American Airlines pilot whose grounded flight on 9/11 inspired musical plans to attend Paramount’s production
Saturday evening’s performance of “Come From Away” at Aurora’s Paramount Theatre marks something of a milestone for retired American Airlines pilot Beverley Bass.
When the curtain comes down, Bass will have seen the show she calls a “musical masterpiece” 180 times.
The first female to captain an American Airlines’ jet, Bass isn’t merely a superfan. The Texas resident, who piloted a B-777 bound from Paris to Dallas on Sept. 11, 2001, is the inspiration for one of the characters in the Tony Award-winning musical about how the good-hearted residents of Gander, a small town in Newfoundland, Canada, responded to a tragedy.
On the day of the terror attacks and for several days after, Gander residents fed, housed and clothed some 7,000 airline passengers (equal to about two-thirds of the town’s population) from 38 planes diverted to the town’s airport after federal authorities closed U.S. airspace in response to the attacks.
“I'm honored and proud to be associated with it,” said Bass, who describes the tuner by writer/composer/lyricists Irene Sankoff and David Hein as “the musical that never dies.”
Bass' onstage counterpart, played by Andrea Prestinario, sings the show's de facto 11 o'clock number “Me and the Sky.” In it, an American Airlines pilot named Beverley describes her lifelong passion for flying and her remarkable rise through the ranks to captain her own plane.

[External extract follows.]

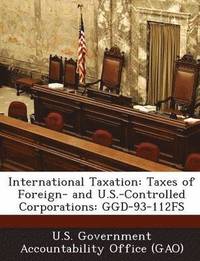 bokomslag International Taxation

Except for a minor bit of artistic license, the song is spot on, said Bass.
Bass met Sankoff and Hein in 2011 when she, along with fellow crew members and former passengers, returned to Gander for events commemorating the 10th anniversary of the terror attacks. She agreed to an interview and spent four hours with the couple. Four years later, they invited her and other “plane people” to La Jolla, California, for the world premiere.
Bass recalled “gasping for air” when Jenn Colella, who originated the role of Beverley and played it on Broadway, sang “Me and the Sky.”
“It was unbelievable,” said Bass.
Ten years after its premiere, the musical still thrills.
“It is still very exciting. There are still parts that make me very happy or a little emotional,” she said, adding “I can get through it without crying, but I can't say the same for my husband.”
Bass, the crew and passengers had flown seven hours when they were diverted to Gander. They remained in the plane, on the tarmac, for the next 21 hours. After they disembarked, the crew occupied the few available hotel rooms while the passengers went to a Knights of Columbus lodge where Bass and her colleagues briefed them every day.
On Sept. 15, 2001, the passengers and crew left Gander for the Dallas/Fort Worth International Airport.
“As soon as I got home, I said (to American Airline officials) ‘I'll fly anything you want me to fly,’” Bass recalled. “I would have flown the next day.”
“I wasn't going to let terrorists ruin anything I loved so much,” she said.
Bass retired from American Airlines in 2008 at age 56. She came out of retirement in 2017 and flew private jets for eight years until last December when she retired for the second (and possibly last) time at age 72.
Bass will join the Paramount cast onstage after the performance concludes.
“She could go to so many other productions and she's chosen to see ours,” said Prestinario, who says she is honored to meet Bass.
She’s not the first living person the actress has played. Prestinario portrayed cartoonist Alison Bechdel in multiple productions of “Fun Home,” the musical based on Bechdel's 2006 autobiographical graphic novel “Fun Home: A Family Tragicomic.” Telling a living person’s story is an enormous responsibility, said Prestinario, who studied Bass' mannerisms and researched her life with assistance from Paramount associate director and dramaturg Devon Hayakawa.
“I think I'm going to be nervous,” said the actress, who predicts a performance more emotionally charged than usual with Bass in the audience.
“Everyone's really going to be on top of their game,” she said.